▶ _Work instructions_: Starting at the first line of the material below, retype each line exactly until you reach the line with "Untitled Black and", which is also included; pictures stay out.

▶ _Given material_:
=== Begin Enclosure ===

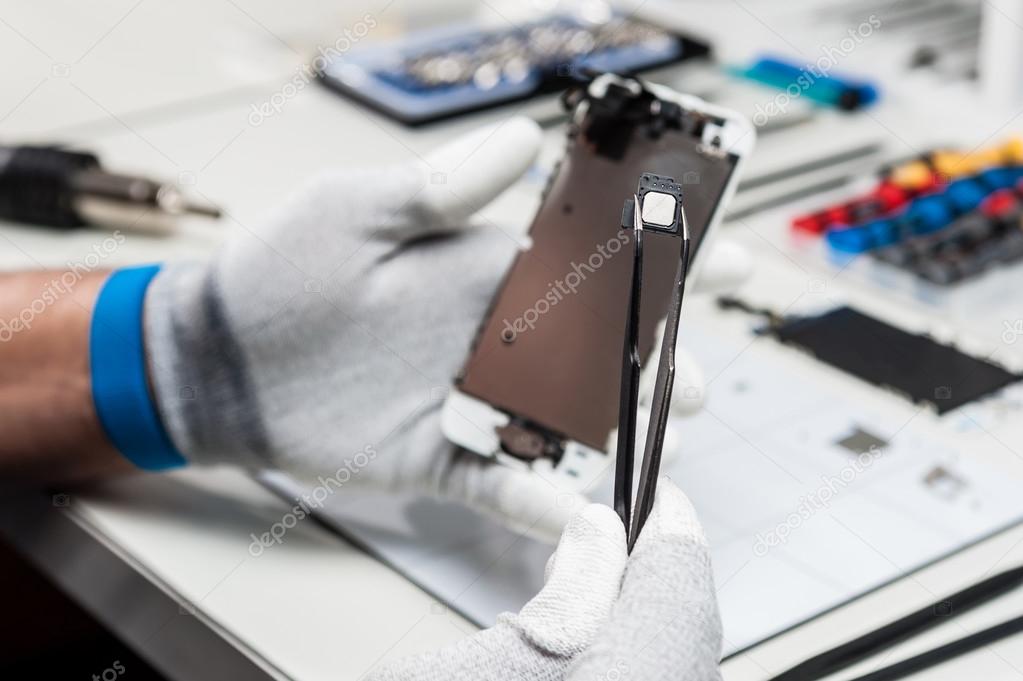 Close-up photos showing process of mobile phone repair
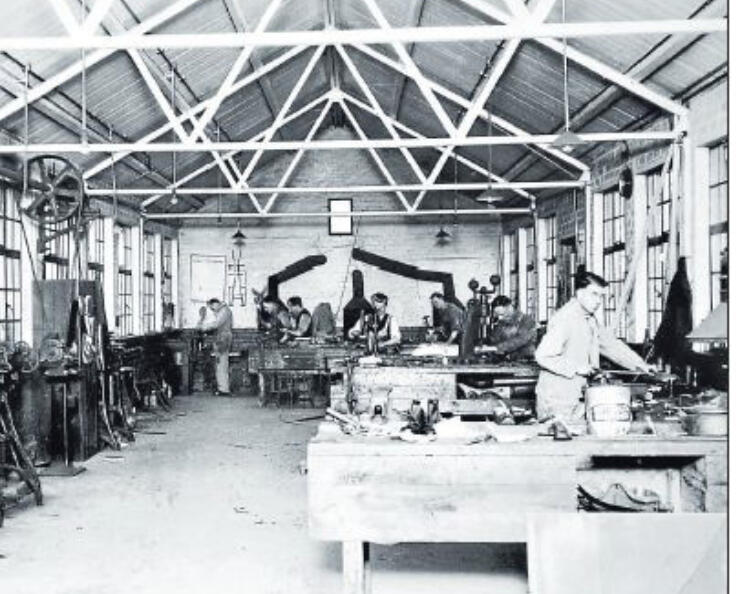 Untitled Black and white archive photo of a workshop with high steel-trussed ceilings, showing several workers at benches and machinery, connected to Emily Kathleen Renshaw's history.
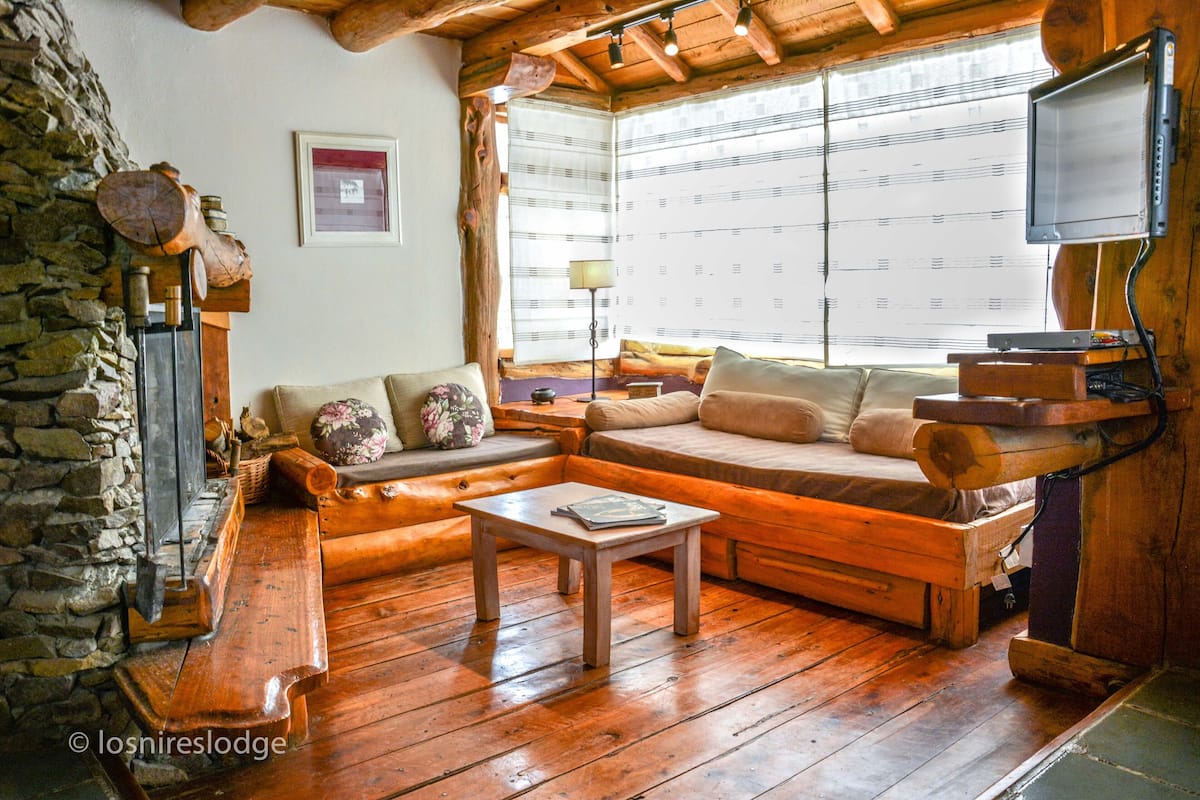 Una sala de estar acogedora con pared de piedra, muebles de madera y un televisor montado en la pared.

=== End Enclosure ===

▶ _Exercise output_:
 Close-up photos showing process of mobile phone repair
 Untitled Black and white archive photo of a workshop with high steel-trussed ceilings, showing several workers at benches and machinery, connected to Emily Kathleen Renshaw's history.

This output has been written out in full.